Levi said the port disruption has not yet had a material impact on the business

Levi said the port disruption has not yet had a material impact on the business

Denim giant Levi Strauss & Co has said the “volatile” and “unpredictable” delays occurring at US West Coast ports could adversely affect its supply chain and product availability if they continue.

The Pacific Maritime Association (PMA) and International Longshore & Warehouse Union (ILWU) have been engaged in talks for nine months on a new coast-wide contract for 20,000 dockworkers - and no end to the dispute is currently in sight.

Vessel operations were temporarily suspended last week, and while operations resumed on Monday (9 February), the PMA said it would temporarily suspend vessel operations for four days. The disruption, analysts believe, could cost retailers as much as $7bn this year.

Supply chain caution
Levi Strauss CEO Chip Bergh spoke about the disruption during the group's fourth-quarter earnings call yesterday. To date, he said, it has not had a material impact on the business.

“The situation on the West Coast has been tenuous for about the last half-year with notable delays on delivery, and just like all other importers we've been experiencing delays and longer lead times. However, up until this point we've been able to mitigate the impact to the business.”

However, he remains cautious on any potential future impacts, should the shut-downs continue and talks remain unresolved.

“The situation has deteriorated, it's gotten worse over the last couple of weeks, and the delays are now more volatile and unpredictable, which makes it harder for us to manage and plan our business. Any prolonged disruption at these West Coast ports could adversely affect our supply chain and product availability.”

Bergh said Levi Strauss will continue to monitor the situation, adding that the company has contingency plans in place such as air freight, diverting shipments, and/or transiting product for early deliveries.

“All of these obviously come with a higher cost, and the risk for some service delays, but up to this point we really haven't had any material impact on the business.
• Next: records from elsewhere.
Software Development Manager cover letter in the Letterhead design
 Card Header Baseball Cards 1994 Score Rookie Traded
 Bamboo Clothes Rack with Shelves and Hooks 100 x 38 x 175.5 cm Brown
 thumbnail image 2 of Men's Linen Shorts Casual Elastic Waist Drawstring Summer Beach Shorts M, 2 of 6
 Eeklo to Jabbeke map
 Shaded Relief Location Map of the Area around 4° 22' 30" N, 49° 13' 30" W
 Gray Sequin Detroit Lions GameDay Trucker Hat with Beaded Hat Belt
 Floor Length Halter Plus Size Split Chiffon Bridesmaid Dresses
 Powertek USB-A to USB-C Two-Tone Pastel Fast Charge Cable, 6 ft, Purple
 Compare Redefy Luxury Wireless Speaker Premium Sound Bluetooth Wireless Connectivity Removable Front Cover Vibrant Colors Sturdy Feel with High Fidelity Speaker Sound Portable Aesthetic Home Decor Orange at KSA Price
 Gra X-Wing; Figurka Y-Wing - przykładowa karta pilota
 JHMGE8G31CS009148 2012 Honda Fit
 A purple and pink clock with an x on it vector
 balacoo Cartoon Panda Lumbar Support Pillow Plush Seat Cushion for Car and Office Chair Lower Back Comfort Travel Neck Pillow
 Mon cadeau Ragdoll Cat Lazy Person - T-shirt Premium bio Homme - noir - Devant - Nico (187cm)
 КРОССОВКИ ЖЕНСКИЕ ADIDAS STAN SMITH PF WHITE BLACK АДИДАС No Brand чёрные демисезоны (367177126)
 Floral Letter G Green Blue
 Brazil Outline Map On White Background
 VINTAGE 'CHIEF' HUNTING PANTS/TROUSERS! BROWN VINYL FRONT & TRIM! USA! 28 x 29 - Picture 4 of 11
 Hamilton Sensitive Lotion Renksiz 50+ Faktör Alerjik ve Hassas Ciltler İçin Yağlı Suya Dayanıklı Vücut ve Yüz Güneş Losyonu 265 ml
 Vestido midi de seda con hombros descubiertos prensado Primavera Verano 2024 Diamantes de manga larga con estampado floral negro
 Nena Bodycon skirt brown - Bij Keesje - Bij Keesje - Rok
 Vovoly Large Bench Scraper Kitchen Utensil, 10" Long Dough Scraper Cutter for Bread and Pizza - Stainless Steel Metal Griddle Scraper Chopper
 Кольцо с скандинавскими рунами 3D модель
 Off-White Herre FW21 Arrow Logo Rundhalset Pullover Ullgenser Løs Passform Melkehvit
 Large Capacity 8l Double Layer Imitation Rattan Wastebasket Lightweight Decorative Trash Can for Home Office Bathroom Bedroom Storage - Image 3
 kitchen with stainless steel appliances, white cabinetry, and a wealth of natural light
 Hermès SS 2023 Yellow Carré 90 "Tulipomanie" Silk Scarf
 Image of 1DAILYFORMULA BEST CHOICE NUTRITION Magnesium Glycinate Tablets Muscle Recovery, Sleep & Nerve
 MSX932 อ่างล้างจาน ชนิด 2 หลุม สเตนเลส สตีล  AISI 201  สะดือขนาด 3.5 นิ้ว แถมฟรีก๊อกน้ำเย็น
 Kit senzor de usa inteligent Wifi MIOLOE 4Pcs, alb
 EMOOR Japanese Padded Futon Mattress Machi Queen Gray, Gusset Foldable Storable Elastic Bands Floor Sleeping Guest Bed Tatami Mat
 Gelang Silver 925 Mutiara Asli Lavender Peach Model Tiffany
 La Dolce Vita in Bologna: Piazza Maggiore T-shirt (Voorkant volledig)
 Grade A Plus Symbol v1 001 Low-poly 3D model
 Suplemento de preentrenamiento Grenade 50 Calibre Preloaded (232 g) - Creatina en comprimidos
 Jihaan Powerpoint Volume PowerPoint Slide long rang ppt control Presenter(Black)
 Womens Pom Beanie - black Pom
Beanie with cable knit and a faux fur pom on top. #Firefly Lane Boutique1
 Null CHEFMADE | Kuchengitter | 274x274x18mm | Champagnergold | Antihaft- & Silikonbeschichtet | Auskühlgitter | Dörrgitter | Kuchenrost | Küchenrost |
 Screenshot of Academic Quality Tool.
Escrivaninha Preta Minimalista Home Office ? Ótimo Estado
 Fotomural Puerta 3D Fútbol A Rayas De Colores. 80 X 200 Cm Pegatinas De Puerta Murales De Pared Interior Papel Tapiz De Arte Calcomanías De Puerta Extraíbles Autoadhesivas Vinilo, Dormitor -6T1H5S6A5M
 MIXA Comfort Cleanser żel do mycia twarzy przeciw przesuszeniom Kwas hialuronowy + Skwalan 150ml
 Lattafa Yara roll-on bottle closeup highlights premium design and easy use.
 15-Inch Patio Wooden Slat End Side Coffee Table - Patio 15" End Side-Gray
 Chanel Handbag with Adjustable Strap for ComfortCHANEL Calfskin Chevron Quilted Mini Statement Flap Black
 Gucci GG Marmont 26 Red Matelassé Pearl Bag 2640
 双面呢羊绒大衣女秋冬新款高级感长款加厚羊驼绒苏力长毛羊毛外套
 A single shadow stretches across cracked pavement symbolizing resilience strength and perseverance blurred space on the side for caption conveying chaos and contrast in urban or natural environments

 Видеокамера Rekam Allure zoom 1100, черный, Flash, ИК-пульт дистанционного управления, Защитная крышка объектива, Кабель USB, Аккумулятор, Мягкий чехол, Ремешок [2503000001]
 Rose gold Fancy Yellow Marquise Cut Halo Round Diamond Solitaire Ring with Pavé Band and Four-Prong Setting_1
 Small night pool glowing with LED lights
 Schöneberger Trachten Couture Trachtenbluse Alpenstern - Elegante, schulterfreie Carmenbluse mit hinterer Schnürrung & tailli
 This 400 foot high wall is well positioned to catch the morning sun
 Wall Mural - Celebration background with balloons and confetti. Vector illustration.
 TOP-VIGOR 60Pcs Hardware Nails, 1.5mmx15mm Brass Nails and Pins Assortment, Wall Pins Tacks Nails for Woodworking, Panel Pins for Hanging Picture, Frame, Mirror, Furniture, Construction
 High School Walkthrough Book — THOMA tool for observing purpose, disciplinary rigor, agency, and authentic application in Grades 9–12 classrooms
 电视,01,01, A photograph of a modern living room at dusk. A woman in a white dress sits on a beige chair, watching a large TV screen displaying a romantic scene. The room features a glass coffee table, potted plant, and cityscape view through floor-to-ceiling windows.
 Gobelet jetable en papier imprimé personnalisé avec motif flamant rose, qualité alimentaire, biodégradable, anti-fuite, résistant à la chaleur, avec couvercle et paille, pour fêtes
The next two months is pretty critical, and the situation has worsened over the last two weeks or so.”

New challenges
Aside from the risks associated with the West Coast ports dispute, Bergh said Levi Strauss expects 2015 to present its own set of unique challenges. Slow global economic recovery, mounting currency headwinds, and uneven consumer spending, will require the company to maintain its focus, he told analysts.

“We will work to mitigate the impact of these pressures by focusing on what's within our control, and so doing, we will not lose sight of our long-term objectives.”

In 2015, Levi Strauss will expand its direct-to-consumer business by opening new stores, continuing to improve productivity, and driving online traffic and conversion. Store openings will largely be outside the Americas region, mainly in Asia and Europe, and are planned towards the second half of the year.

Bergh also explained Levi Strauss's plan to re-set its global Levi's women's offering with a new product slate, which will launch later this year.

“We will delight consumers with fresh interpretations of our iconic products, such as the new tapered Levi's 501 CT. And a focus on innovation, including an expanded Levi's Commuter collection later this spring.

“We will engage consumers globally by building upon the marketing momentum generated by the Live in Levi's campaign. We will complete the transition of the women's Dockers business to a license model, which will allow us to focus on execution for the Dockers men's business, as we work to expand our successful alpha line, while striving to maintain share with the traditional consumer,” he added.

Global challenges
Bergh acknowledged the challenging global environment faced by the company and its competitors in 2014, and said the company had invested behind its brands with marketing initiatives to drive awareness and traffic in the key selling seasons. It also initiated a global programme to improve the structural economics of the business.

“We believe this initiative will provide the capital to fuel sustainable, profitable growth, and strengthen our financial position,” Burgh explained.

CFO Harmit Singh added that strengthening Levi Strauss's balance sheet remains a top priority for the group this year, with debt reduction an ongoing focus, but “at a more modest pace” than in 2014.

“We ended this year with an improvement of 140 basis points, which demonstrates we're beginning to see savings. We expect to see at the end of the programme, saving close to $175-$200m on a net basis.”

Despite the challenging conditions, the company made progress during 2014, growing full-year net revenues by 2% and adjusted EBIT by $62m to $134m.

“We focused on the controllable aspects of our business, counteracting soft retail traffic by driving conversion and productivity in our stores, ensuring product availability across all channels,” Bergh explained. He also pointed to the noticeable upswing in denim and the benefits Levi Strauss should reap from this.

“We need [the upswing]. The category was very very soft the last two years or so and we've managed to build share. Stronger brands tend to do better in soft categories. And so as the category comes back, we expect that our business should benefit as a result. We're also trying to bring a lot of innovation at the same time. That combined with the fact denim is getting a lot of play on the runway…we're pretty bullish about the category and our prospects for it.”